WORK REQUIRED:
Give back all of the data exactly, with every picture omitted.

GIVEN MATERIAL:
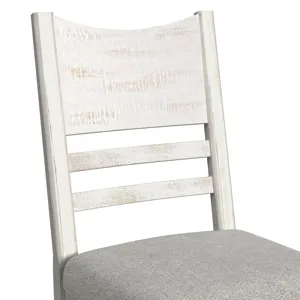 Rogen Rustic Dining Side Chair with Grey Fabric in Rustic White (2 Per Carton)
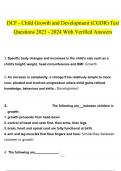 DCF - Child Growth and Development (CGDR) questions and answers} latest 2023 - 2024 100% correct answers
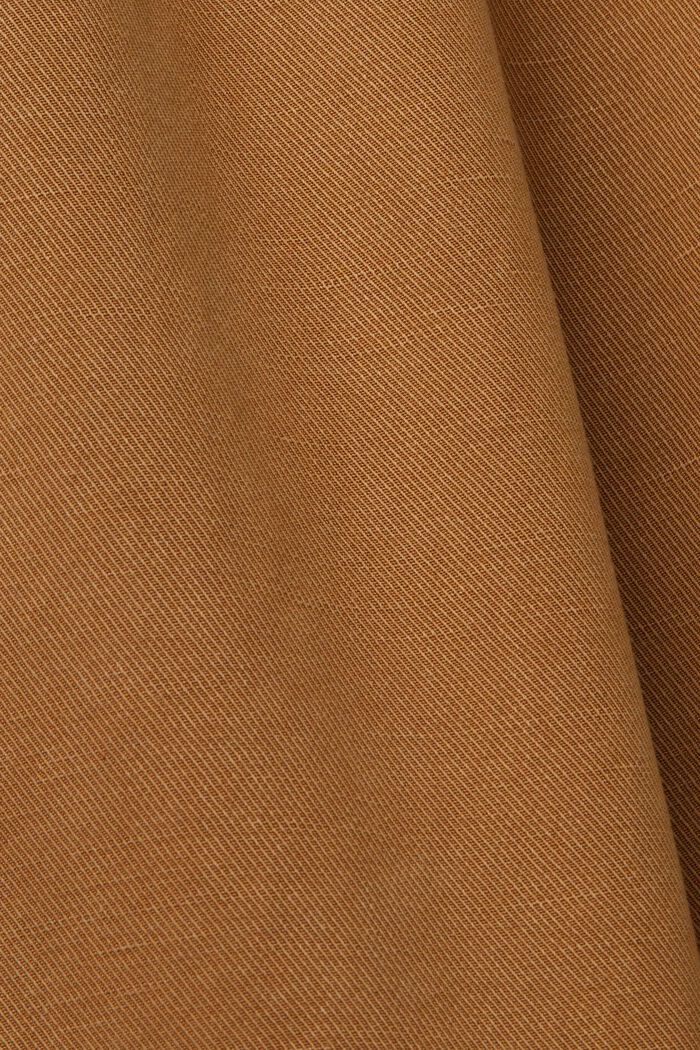 Korkeavyötäröiset, vajaapituiset, leveälahkeiset housut pellavasekoitetta, PALE KHAKI, detail image number 4
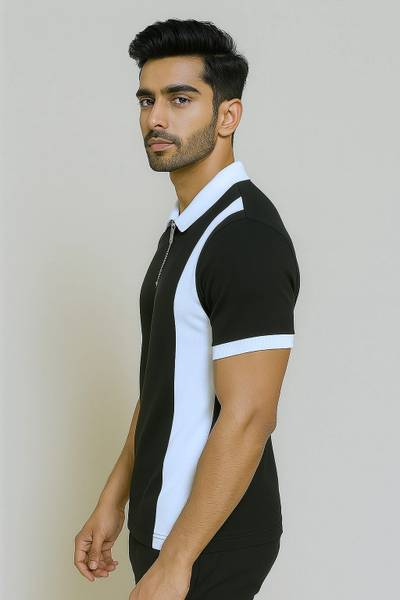 Try This Colorblock Men Polo Neck Black T-Shirt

ANSWER TO THIS PROBLEM:
 Rogen Rustic Dining Side Chair with Grey Fabric in Rustic White (2 Per Carton)
 DCF - Child Growth and Development (CGDR) questions and answers} latest 2023 - 2024 100% correct answers
 Korkeavyötäröiset, vajaapituiset, leveälahkeiset housut pellavasekoitetta, PALE KHAKI, detail image number 4
 Try This Colorblock Men Polo Neck Black T-Shirt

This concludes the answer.